__Data section__.
== Segment start ==
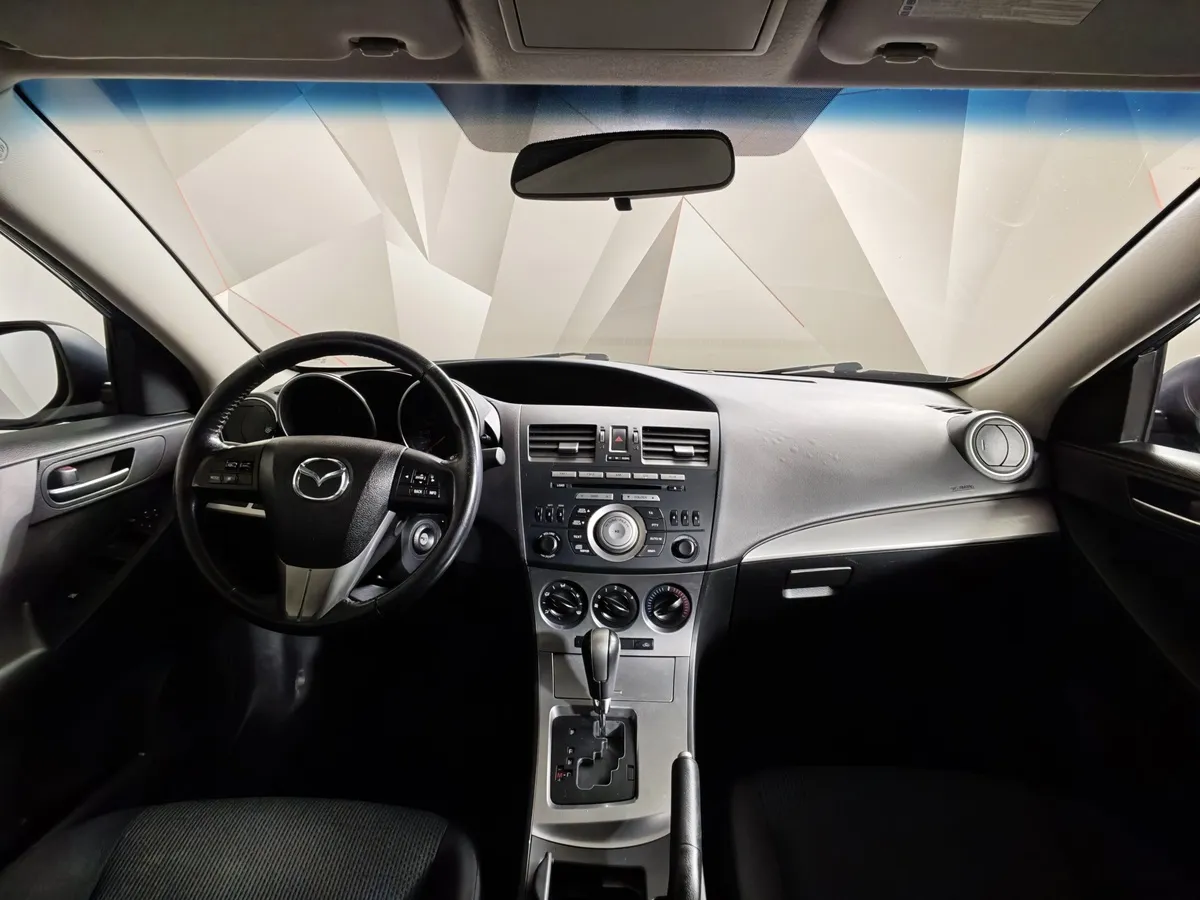 Mazda 3 1.6 AT (105 л.с.) Черный в АВИЛОН. Слайд №11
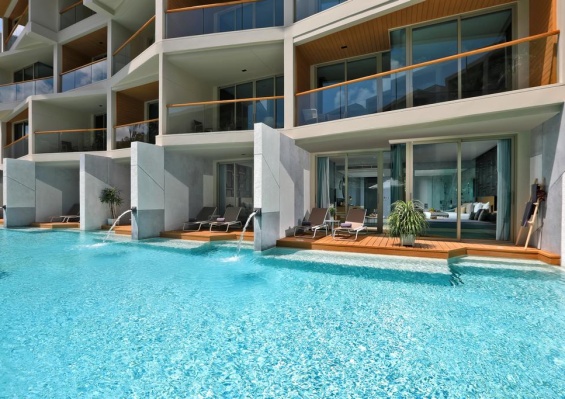 Hôtel Wyndham Grand Nai Harn Beach Phuket 5* Hôtel Wyndham Grand Nai Harn Beach Phuket 5*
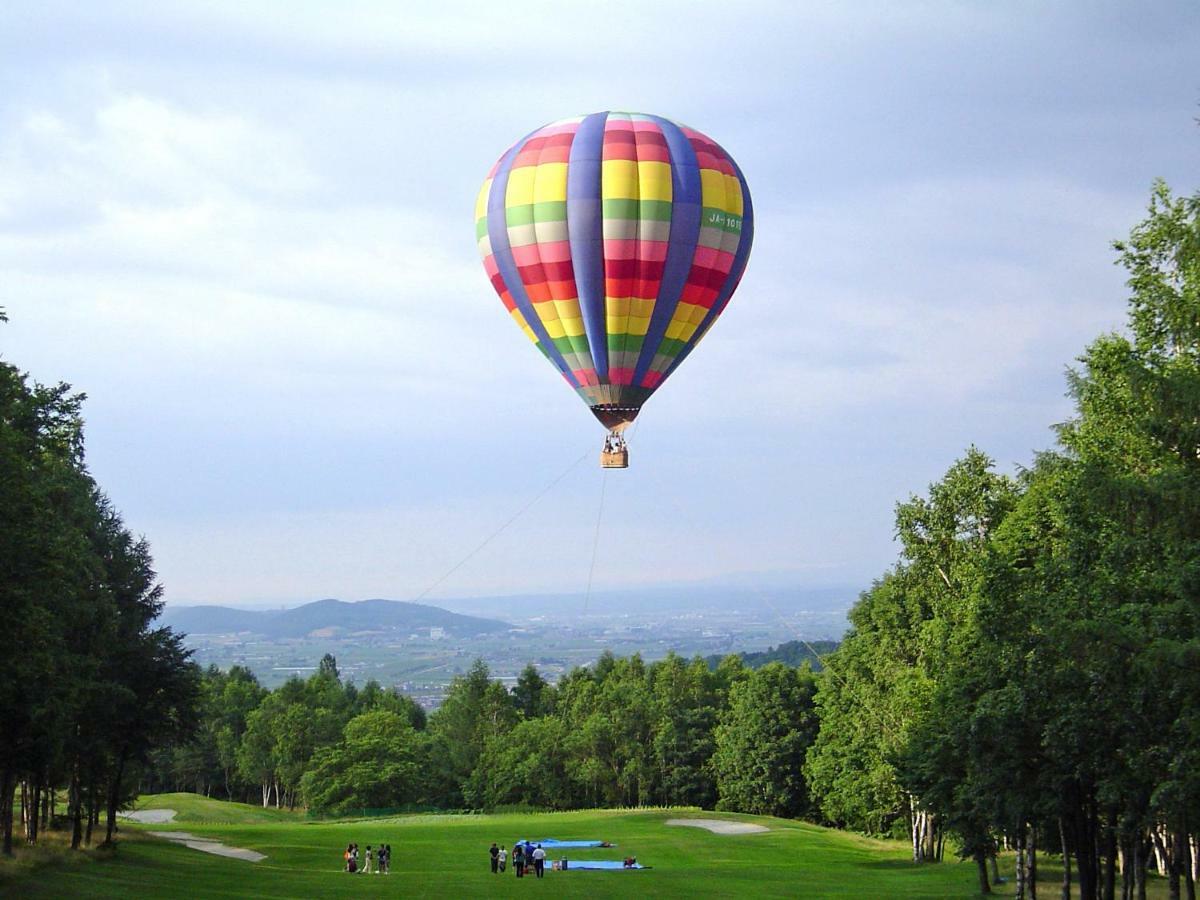 Shin Furano Prince Hotel Exteriér fotografie Hot air balloon over the golf course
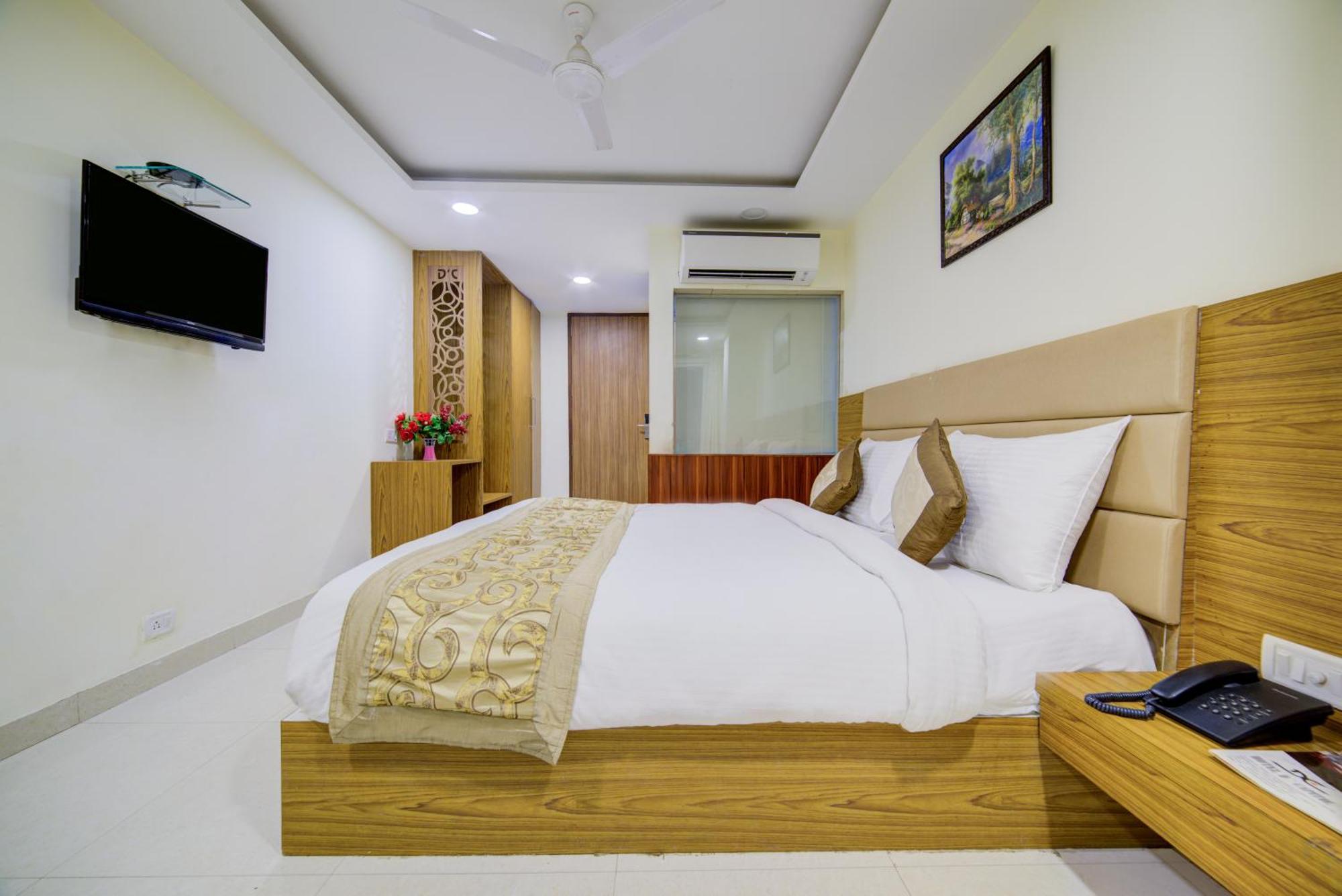 Hotel Grand Suites By D'Capitol Near Delhi Airport Ню Делхи Екстериор снимка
== Segment end ==
All lines from the one containing "Shin Furano Prince" to the last line of the data above, both included, should be printed exactly, and the pictures should not appear.

 Shin Furano Prince Hotel Exteriér fotografie Hot air balloon over the golf course
 Hotel Grand Suites By D'Capitol Near Delhi Airport Ню Делхи Екстериор снимка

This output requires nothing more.